> **Aim of the exercise**: Retype every line from the start of the entries below down to the line with "STOßDäMPFER KYB 341608 7", both ends included; skip the pictures.

[Short web captions]

▼▼▼

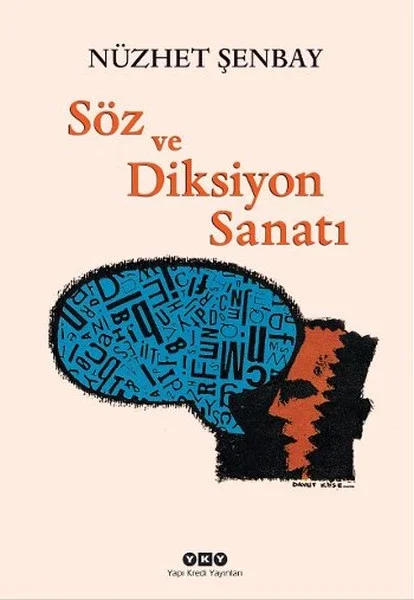 Söz ve Diksiyon Sanatı Fiyatı, Yorumları ve Özellikleri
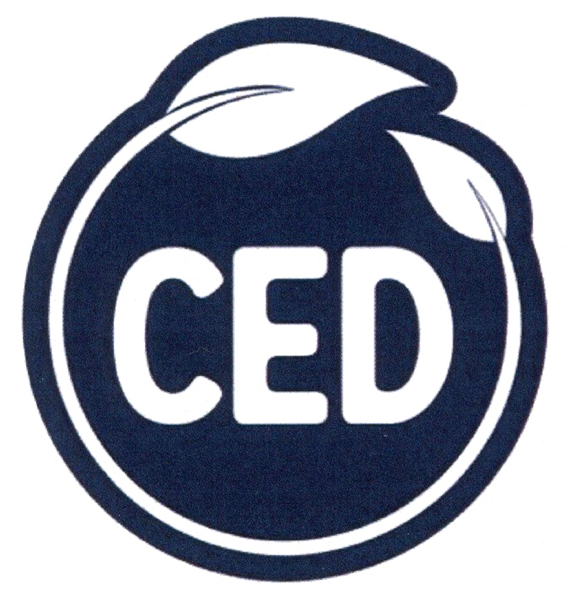 CED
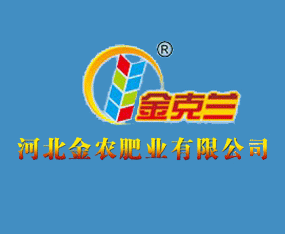 �ӱ����r(n��ng)�ʘI(y��)���޹�˾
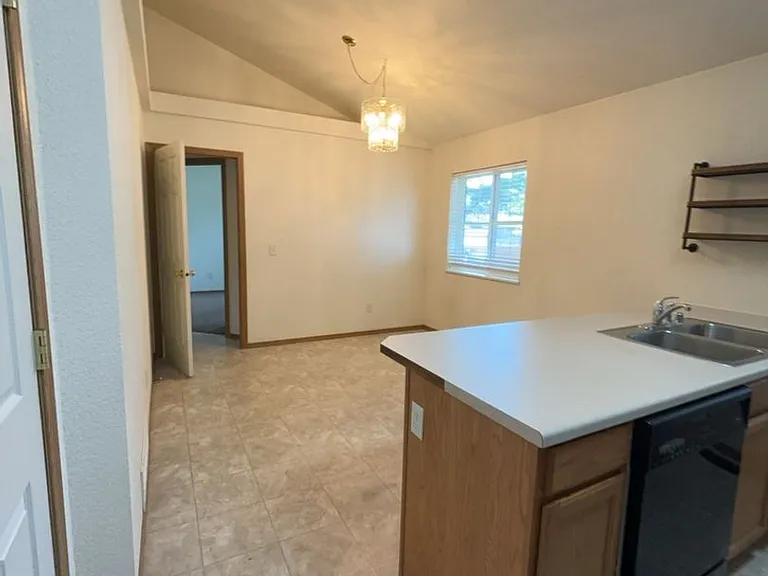 208 Bentley Park Loop — Photo 18
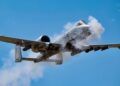 Το θρυλικό αμερικανικό A-10 Warthog αποσύρεται από την USAF  (video)…Αλλά εμάς δεν μας κάνει !!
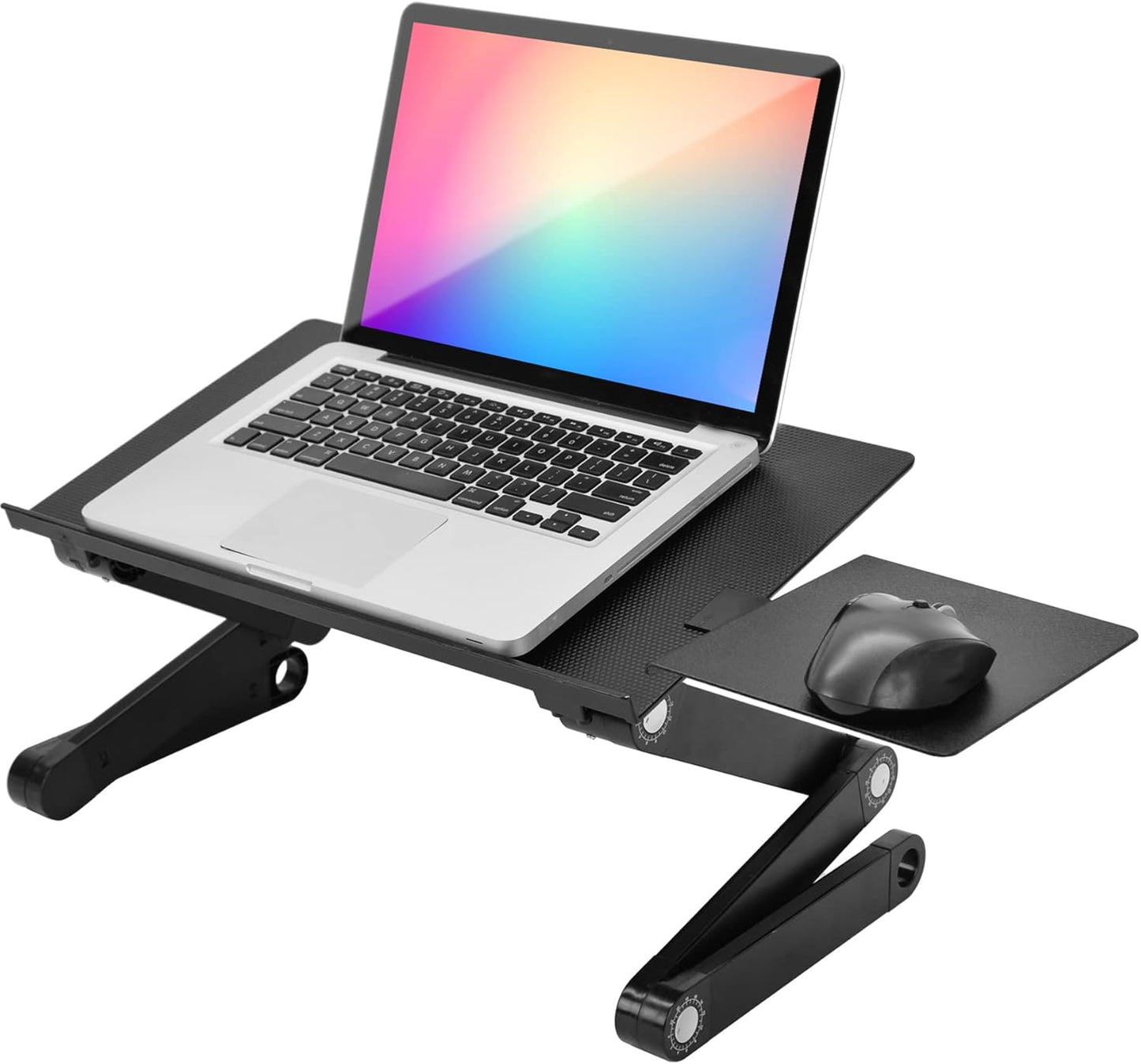 Laptoptisch
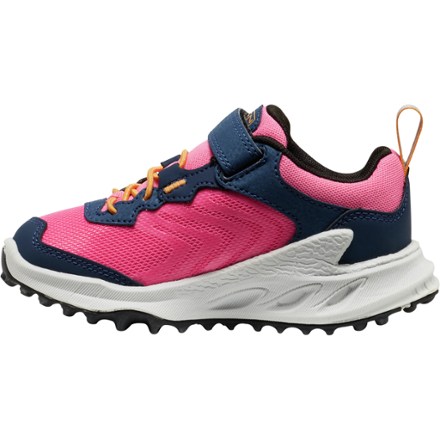KEEN Zionic NXT Waterproof Hiking Shoes - Kids 1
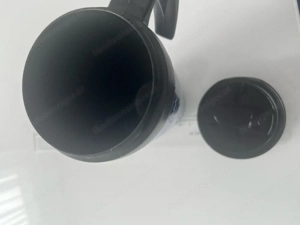 Thermobecher 400 ml Bild 3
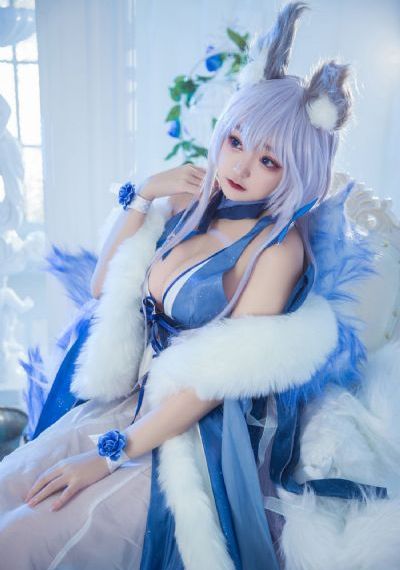 江陵-国产字幕完整无删减版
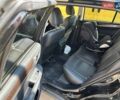 Субару Аутбек, объемом двигателя 2.5 л и пробегом 105 тыс. км за 18500 $, фото 8 на Automoto.ua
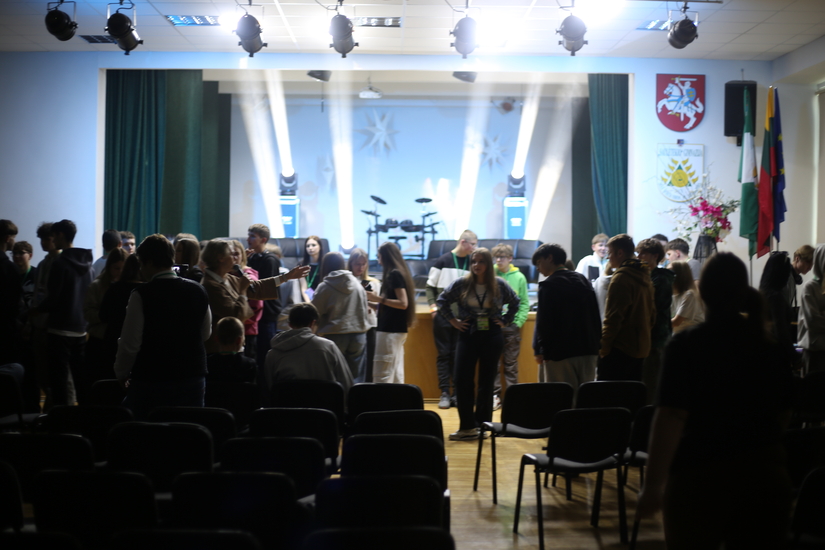 KH1A5055.JPG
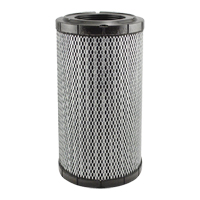 RS5761 &eacute;l&eacute;ment filtrant pour l'air d'habitacle avec joint radial Les Fournitures Industrielles Méga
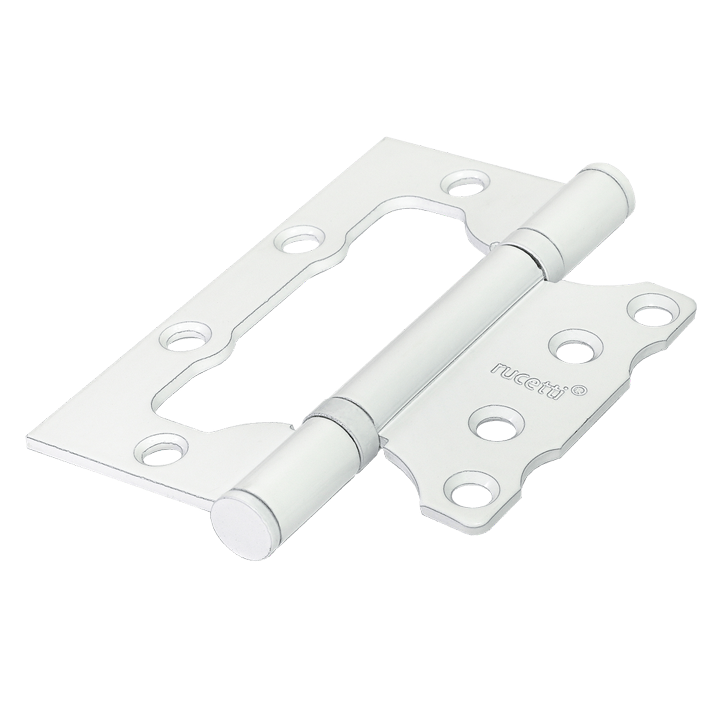 anjama-rfh-100x75x25-w-white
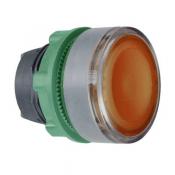  tte BP lumineux O22 orange 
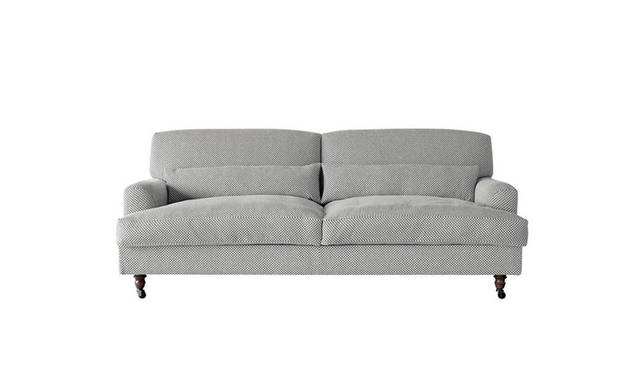 <strong>>è interiors｜エ インテリアズ</strong><br />「DePadova（デ パドヴァ）」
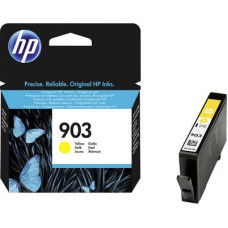 HP Tinta 903 Eredeti S&aacute;rga T6L95AE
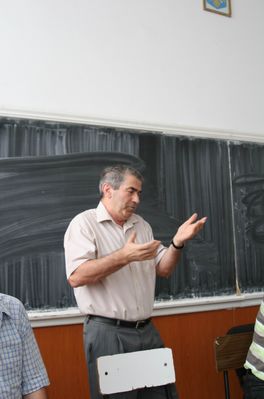 8_iun_2007 (15).jpg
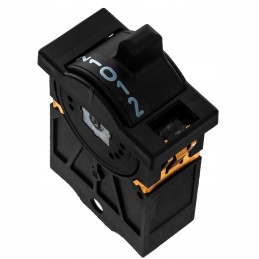 Fendt jungiklis x830241251000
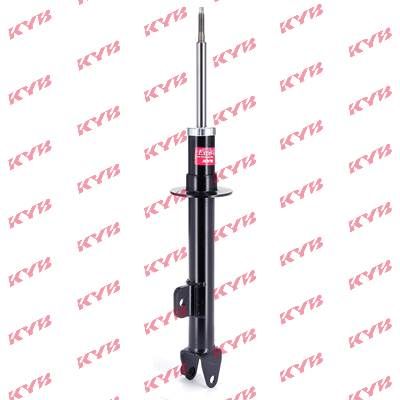 STOßDäMPFER KYB 341608 7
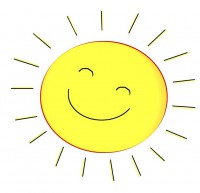 happy-sun-clipart-5.jpg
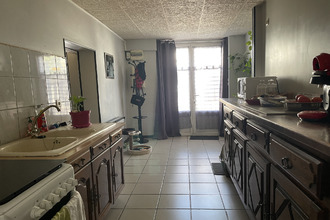 achat maison chatellerault 86100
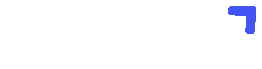Odessey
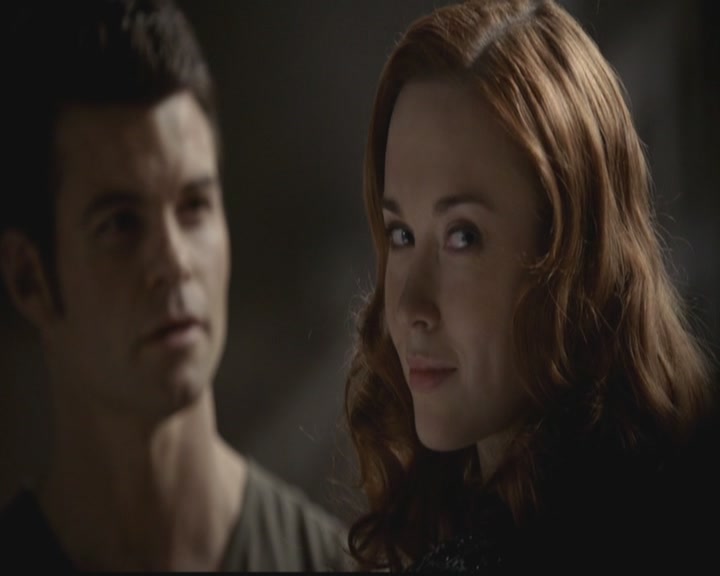 VampireDiariesWorld-dot-org_TheOriginals1x18TheBigUneasy0278.jpg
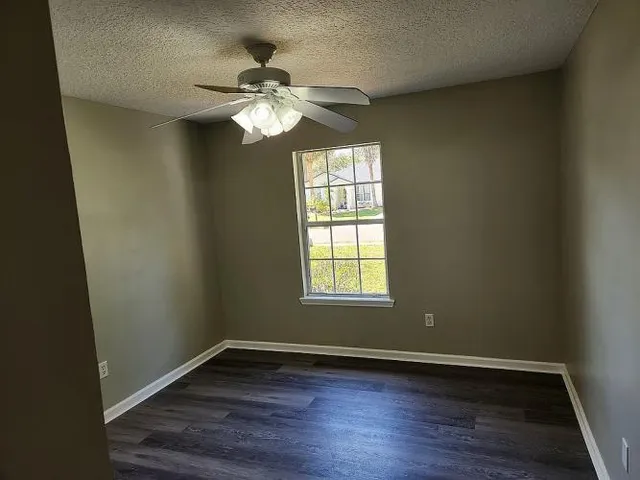 $419,000 | 95180 Twin Oaks Lane, Fernandina Beach, FL 32034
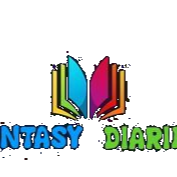 Fantasy Diaries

▲▲▲

> **Finished exercise**:
 Söz ve Diksiyon Sanatı Fiyatı, Yorumları ve Özellikleri
 CED
 �ӱ����r(n��ng)�ʘI(y��)���޹�˾
 208 Bentley Park Loop — Photo 18
 Το θρυλικό αμερικανικό A-10 Warthog αποσύρεται από την USAF  (video)…Αλλά εμάς δεν μας κάνει !!
 Laptoptisch
KEEN Zionic NXT Waterproof Hiking Shoes - Kids 1
 Thermobecher 400 ml Bild 3
 江陵-国产字幕完整无删减版
 Субару Аутбек, объемом двигателя 2.5 л и пробегом 105 тыс. км за 18500 $, фото 8 на Automoto.ua
 KH1A5055.JPG
 RS5761 &eacute;l&eacute;ment filtrant pour l'air d'habitacle avec joint radial Les Fournitures Industrielles Méga
 anjama-rfh-100x75x25-w-white
  tte BP lumineux O22 orange 
 <strong>>è interiors｜エ インテリアズ</strong><br />「DePadova（デ パドヴァ）」
 HP Tinta 903 Eredeti S&aacute;rga T6L95AE
 8_iun_2007 (15).jpg
 Fendt jungiklis x830241251000
 STOßDäMPFER KYB 341608 7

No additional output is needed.